I actually came her to find out if it was plausible to safely connect 2 equal, 48-volt systems through a contactor for a 96 volt DIY automobile and have come to the conclusion that it is. Don't stop thinking.
 
I've just created a new thread but on the same subject. After reading the thread here, I see that my idea has already been suggested by 'pollenface'.
 
8x high cranking lead acid batteries

Use the Lifepo4 packs to charge the lead acid batteries independently

wear gloves
Hi pollenface,
I've just posted a similar thread to this and wondered if you had a spare minute so have a look at the circuit diagram?

Thanks, Al
 
I finally went back to the OPs initial question and I agree with those who are saying that you cannot charge your batteries while they are in series.
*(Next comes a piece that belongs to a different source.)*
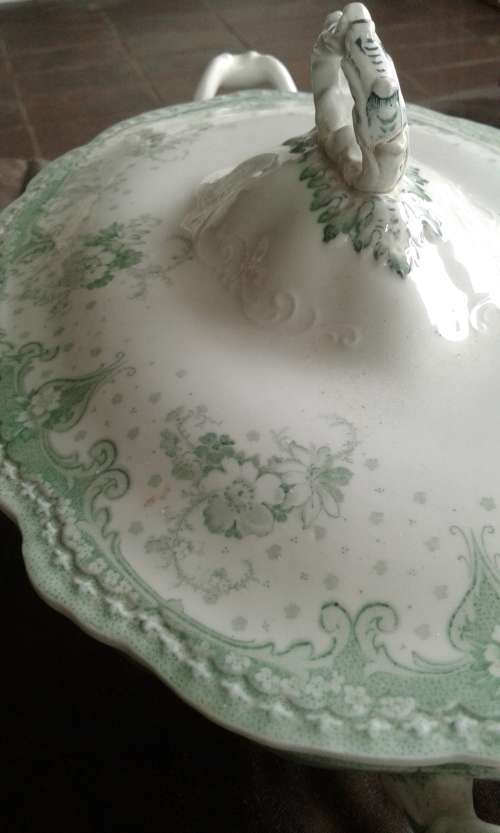 Antique SELWYN Alfred Meakin Royal Semi Porcelain Soup Bowl Casseroles Dish No 47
It's never been about the chemistry but about the electronics that are needed to balance LiFePo4 and Lithium Ion. This is why my car's 48-volt banks will not be left in series while the banks are being charged. This and my own logic gnawing at me and telling me that this creates a short circuit at my charging source. I haven't considered what would happen if two banks were connected to separate charge controllers while the batteries are in series. I think it would short the charge controllers. It might be worth getting a couple of solar lights and stripping out the components to perform an experiment before trying this on a larger scale. You may end up spending $20 to save yourself $20K. Knowing myself, I'd perform the experiment on increasing scales to be more cautious/confident with my finances.
 
OMG! The solution is so simple. Just have 4 48-volt battery banks. Parallel 2 of them at a time to run the boat while the other two are charging. When they reach your cut-off voltage, swap them out. This eliminates the problem quite simply. You just need a couple switches.